あの子と私の話

こんにちは、イチノハです。
何やら素晴らしいタグ(?)を見かけたので筆を執った次第、少々マイノリティな話が出ますのでご承知おきくださいませ。

私には恋人がおりまして。
これだけであればアラウンド30代として一般的でしょうか。結婚していない時点で一般的じゃないのでしょうか?
世論がどうなのかは存じ上げませんが、まあとりあえず同居している恋人がおります。
出会って早10年近く、生活を共にして5年以上になりますね。

でも結婚はしません。否、出来ません。
何故なら彼女――恋人さんは同性だからです。

私ことイチノハは別段同性愛者であるとかそういうあれそれは持っておりませぬ。
強いて言うならば好きになってしまったのが同性だった、ただそれだけです。
性格、性質といった観点では微塵も合わない。まるで水と油のような。知人から見ても対照的とのこと。
そんな、自分にないものをふんだんに盛り合わせたあの子が、どうしようもなく好きで欲しくなってしまったのは出会ってすぐのことでした。
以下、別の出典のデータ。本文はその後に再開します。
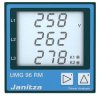 Janitza 5222062 UMG96RM-E Digital Meter with 6 Current Inputs, RCM Monitoring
長く共にいますが、毎週のように喧嘩したり毎月のように別れ話が飛び出したりもします。
そもそも精神的な繋がりでのみ構築されている関係なので(肉体関係はありません)、どちらかが酷く揺れている状態だとすぐ破綻し始めます。
それでも何とか取り成して、数日経つ頃には「やっぱりこの子が一番だな」ってなっている。そんな関係です。

恋人と呼ぶのが正しいのかはわかりません。
私の歪んだ独占欲の被害者が彼女であり、彼女のいびつな所有欲を満たしているのが私なのかもしれない――共依存という言葉がぴったりだと思う今日この頃。

正直言って、私の周りにまともな恋愛をしている友人は数人しかいません。
みんなどこかしらズレていて、歪んでいて、一般論からしたらへんてこりんな子たちばかりです。

だからこそ、私たちの関係も受け入れられている。

同僚に対して、素直に話せばきっと「別れたほうが良い」という判断を下されてしまうのだと思っています。
人生を摩耗しながら、歪んだ「欲」を満たす為に続ける関係なんて価値がないと。
私が同僚の立場ならきっとそう思ってしまう。

それでも彼女が良いんですよ。
ちっぽけな私の欲を多分に満たしてくれる彼女が良いです。

人類総人口が何人なのかは全く興味がありませんが、たくさんの個があればたくさんの己がある。
世間からズレていて、最近浸透した同性愛からも少しズレて。私たちのような者が存在していることは、全く不思議ではないと思っています。
……きっと、隠しているだけで何人もいるんじゃないかな。
あまりにも「普通」の人の声が大きすぎて、少しでも異端なものは掻き消される。人間社会なんてそんなものだと思っていますし。

まるで凸と凹のように、なんだかんだとぴったりハマる、あの子に逢えてよかった。心の底からそう思っています。
願わくば、手を離されるその瞬間まで隣に在りたい。
あの子の幸福が、私以外の誰かと構築されるまで。その時まで私が止まり木でありたい。

ゆるゆると筆を走らせていたらとてもあの子に会いたくなりました。
帰ったら撫で繰り回そうと思います、ということで、〆。